Plus, OS X kicks Windows' *** all up and down the street, no contest whatsoever. It's such an excellent operating system, it's a miracle that any company ever produced it and offered it for sale.
[/ QUOTE ]
Your remarks are an example of why threads about Apple end up being a hopeless situation of Apple vs PC rhetoric. Newbie's post wasn't anti-Apple. It's a current news story.

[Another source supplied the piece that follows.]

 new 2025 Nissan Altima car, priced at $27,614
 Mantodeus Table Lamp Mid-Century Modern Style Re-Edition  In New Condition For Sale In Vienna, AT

If there were those waiting with bated breath to post anything negative, this would have already been posted:
US-CERT Vulnerablities Concerning Apple Computers; some as long ago as December.
[ QUOTE ]
* US-CERT Vulnerability Note VU#582934 -
http://www.kb.cert.org/vuls/id/582934
* US-CERT Vulnerability Note VU#258390 -
http://www.kb.cert.org/vuls/id/258390
* US-CERT Vulnerability Note VU#331694 -
http://www.kb.cert.org/vuls/id/331694
* US-CERT Vulnerability Note VU#706838 -
http://www.kb.cert.org/vuls/id/706838
* US-CERT Vulnerability Note VU#539110 -
http://www.kb.cert.org/vuls/id/539110
* US-CERT Vulnerability Note VU#354486 -
http://www.kb.cert.org/vuls/id/354486
* US-CERT Vulnerability Note VU#882750 -
http://www.kb.cert.org/vuls/id/882750
* US-CERT Vulnerability Note VU#537878 -
http://www.kb.cert.org/vuls/id/537878
* US-CERT Vulnerability Note VU#125598 -
http://www.kb.cert.org/vuls/id/125598
* US-CERT Vulnerability Note VU#356070 -
http://www.kb.cert.org/vuls/id/356070
[/ QUOTE ]
Apple finally got around to addressing them eight days ago, according to this memo from US-CERT with it's notice of an update.
[ QUOTE ]
Apple Security Update 2005-005 resolves a number of vulnerabilities
affecting Mac OS X and OS X Server. Further details are available in
the following Vulnerability Notes:
VU#356070 - Apple Terminal fails to properly sanitize input for
x-man-page URI
Apple Terminal on Mac OS X fails to sanitize x-man-page URIs, allowing
a remote attacker to execute arbitrary commands.
(CAN-2005-1342)
VU#882750 - libXpm image library vulnerable to buffer overflow
libXpm image parsing code contains a buffer-overflow vulnerability
that may allow a remote attacker execute arbitrary code or cause a
denial-of-service condition.
(CAN-2004-0687)
VU#125598 - LibTIFF vulnerable to integer overflow via corrupted
directory entry count
An integer overflow in LibTIFF may allow a remote attacker to execute
arbitrary code.
(CAN-2004-1308)
VU#539110 - LibTIFF vulnerable to integer overflow in the
TIFFFetchStrip() routine
An integer overflow in LibTIFF may allow a remote attacker to execute
arbitrary code.
(CAN-2004-1307)
VU#537878 - libXpm library contains multiple integer overflow
vulnerabilities
libXpm contains multiple integer-overflow vulnerabilities that may
allow a remote attacker execute arbitrary code or cause a
denial-of-service condition.
(CAN-2004-0688)
VU#331694 - Apple Mac OS X chpass/chfn/chsh utilities do not properly
validate external programs
Mac OS X Directory Service utilities do not properly validate code
paths to external programs, potentially allowing a local attacker to
execute arbitrary code.
(CAN-2004-1335)
VU#582934 - Apple Mac OS X Foundation framework vulnerable to buffer
overflow via incorrect handling of an environmental variable
A buffer overflow in Mac OS X's Foundation Framework's processing of
environment variables may lead to elevated privileges.
(CAN-2004-1336)
VU#706838 - Apple Mac OS X vulnerable to buffer overflow via vpnd
daemon
Apple Mac OS X contains a buffer overflow in vpnd that could allow a
local, authenticated attacker to execute arbitrary code with root
privileges.
(CAN-2004-1343)
VU#258390 - Apple Mac OS X with Bluetooth enabled may allow file
exchange without prompting users
Apple Mac OS X with Bluetooth support may unintentionally allow files
to be exchanged with other systems by default.
(CAN-2004-1332)
VU#354486 - Apple Mac OS X Server Netinfo Setup Tool fails to validate
command line parameters
Apple Mac OS X Server NeST tool contains a vulnerability in the
processing of command line arguments that could allow a local attacker
to execute arbitrary code.
(CAN-2004-0594)
Please note that Apple Security Update 2005-005 addresses additional
vulnerabilities not described above. As further information becomes
available, we will publish individual Vulnerability Notes.